§ **Try it**:
Up to and including the line holding "Surreal artwork of", write out the data exactly from its first line, but not the pictures.

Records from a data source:
+ + +

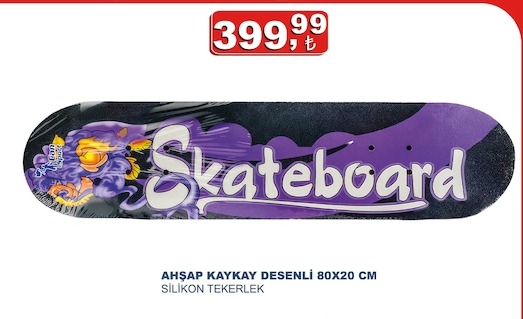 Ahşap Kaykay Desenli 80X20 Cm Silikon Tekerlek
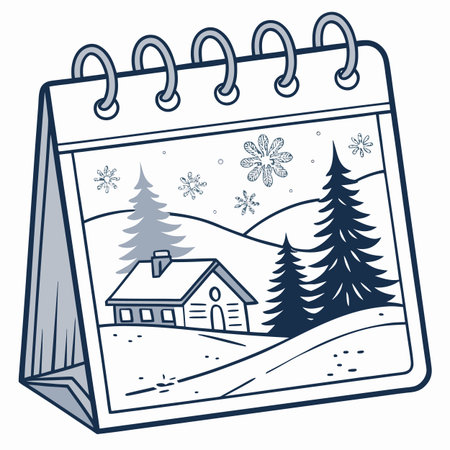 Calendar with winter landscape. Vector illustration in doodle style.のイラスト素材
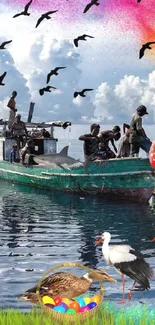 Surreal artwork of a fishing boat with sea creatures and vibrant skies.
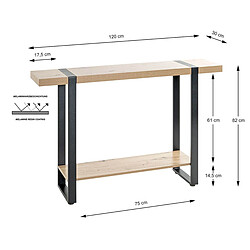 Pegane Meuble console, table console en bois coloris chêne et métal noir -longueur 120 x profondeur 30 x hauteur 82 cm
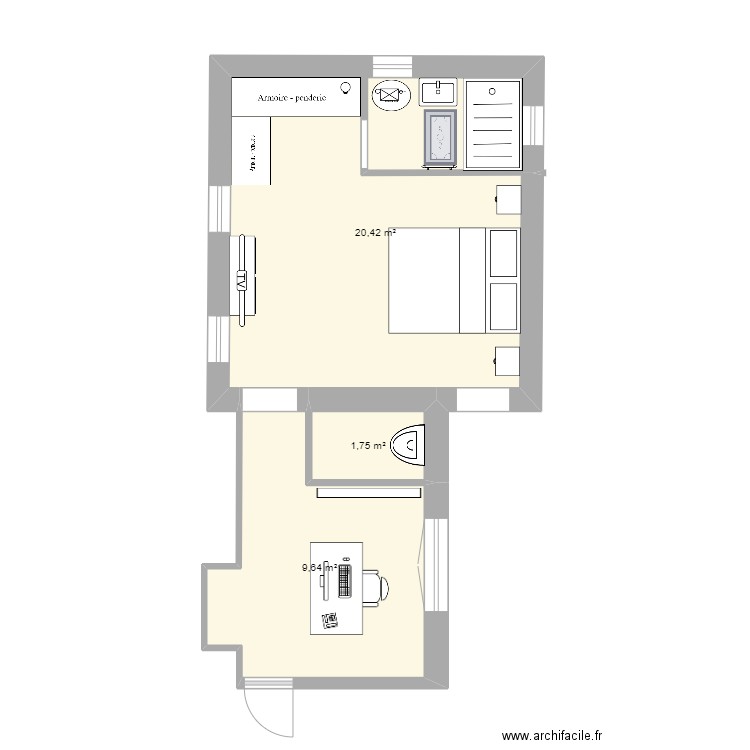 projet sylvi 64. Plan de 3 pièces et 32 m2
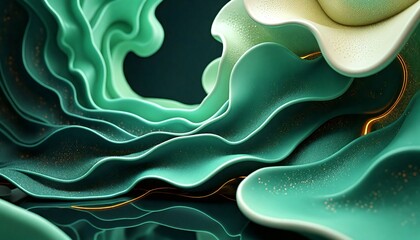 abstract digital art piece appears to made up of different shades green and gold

+ + +

§ **Solution below**:
 Ahşap Kaykay Desenli 80X20 Cm Silikon Tekerlek
 Calendar with winter landscape. Vector illustration in doodle style.のイラスト素材
 Surreal artwork of a fishing boat with sea creatures and vibrant skies.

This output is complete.